White Rage Book Review

“This is how we begin to defuse the power of white rage. It is time to move into that future. It is a future where the right to vote is unfettered by discriminatory restrictions that prevent millions of American citizens from having any say in their own government.”
Title: White Rage: The Unspoken Truth of Our Racial Divide
Author: Carol Anderson
Type: Non-fiction
Published: 2016
Pages: 178
TW: Graphic description of murder, lynching, torture, death, rape, racism,

Books like these are so vital in our education and it’s so important to not only read them, but walk away questioning things too. The point of this book isn’t to invoke anger – it’s to invoke change. Anderson’s contribution to this movement is a perfect book to read regardless of your previous understanding of Black history; even if you consider yourself ‘woke’ and feel you’re educated, keep going, read this and all the other books too and stay informed always!
8.3Informative, Powerful, Exhaustive
I took my time with this book as the subject matter is heavy, and while it was clearly exhaustively researched and therefore very informative, there’s a lot of jargon and political history which made it quite a lot to digest.
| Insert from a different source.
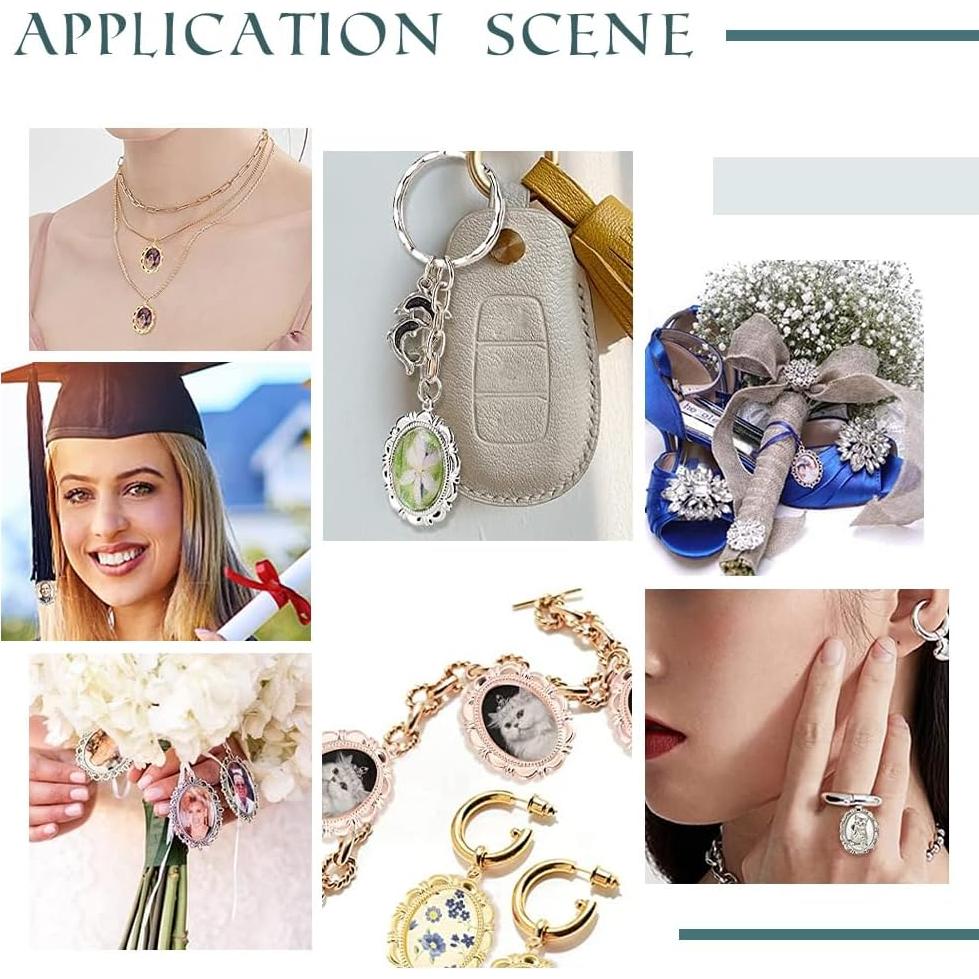 Kit 5 Bandejas Colgantes Bezel PH PandaHall 40x30mm Bronce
That being said, everything was very relevant and helped build Anderson’s points well, so while all very necessary, take your time reading it!
For me the most striking parts of the book was the more modern sections as I’ve lived through them so had a better understanding of them. From gerrymandering to preventing ex-convicts from casting a ballot, spelling mistakes and asking for specific forms of ID, the lengths taken to ensure that Donald Trump and his administration went to in order to be elected was astonishing. What’s clear from Anderson’s words are that this effort shouldn’t be surprising – it’s been happening in one form or another for hundreds of years.
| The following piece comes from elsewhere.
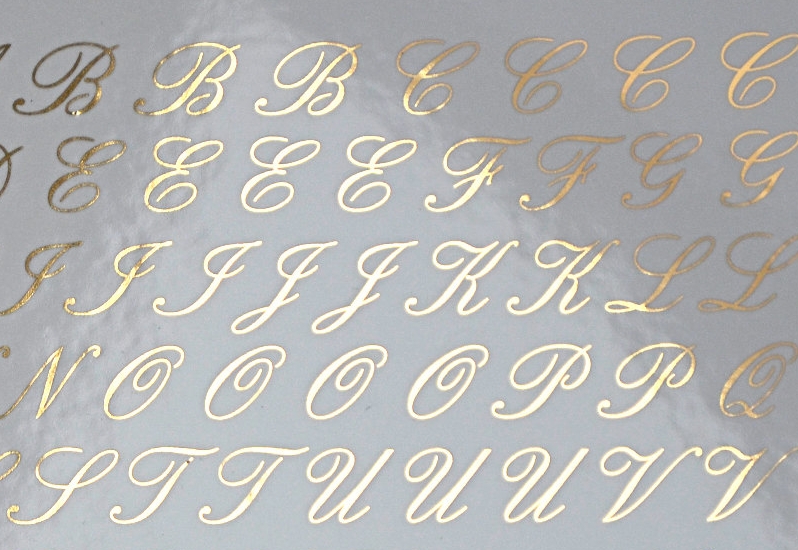 Cursive Alphabet Ceramic Decals, Glass Decals or Enamel Decals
White Rage is the exploration of the African American experience in the USA. Author Carol Anderson takes the reader through history, from the abolition of slavery to the first Black president of the USA. The book explores the advancement of Black rights and pulls into question moments in history where ‘white rage’ prevents this progress.

Review overview




Anderson’s words and research really speak for themselves, and one of the most poignant passages for me reminded me of reading Narrative of the Life of Fredrick Douglass and his emphasis on the importance of education: “Since the days of enslavement, African Americans have fought to gain access to quality education. Education can be transformative. It reshapes the health outcomes of a people; it breaks the cycle of poverty; it improves housing conditions; it raises the standard of living. Perhaps, most meaningfully, educational attainment significantly increases voter participation. In short, education strengthens a democracy.” Her powerful words really are a call to arms to incite change.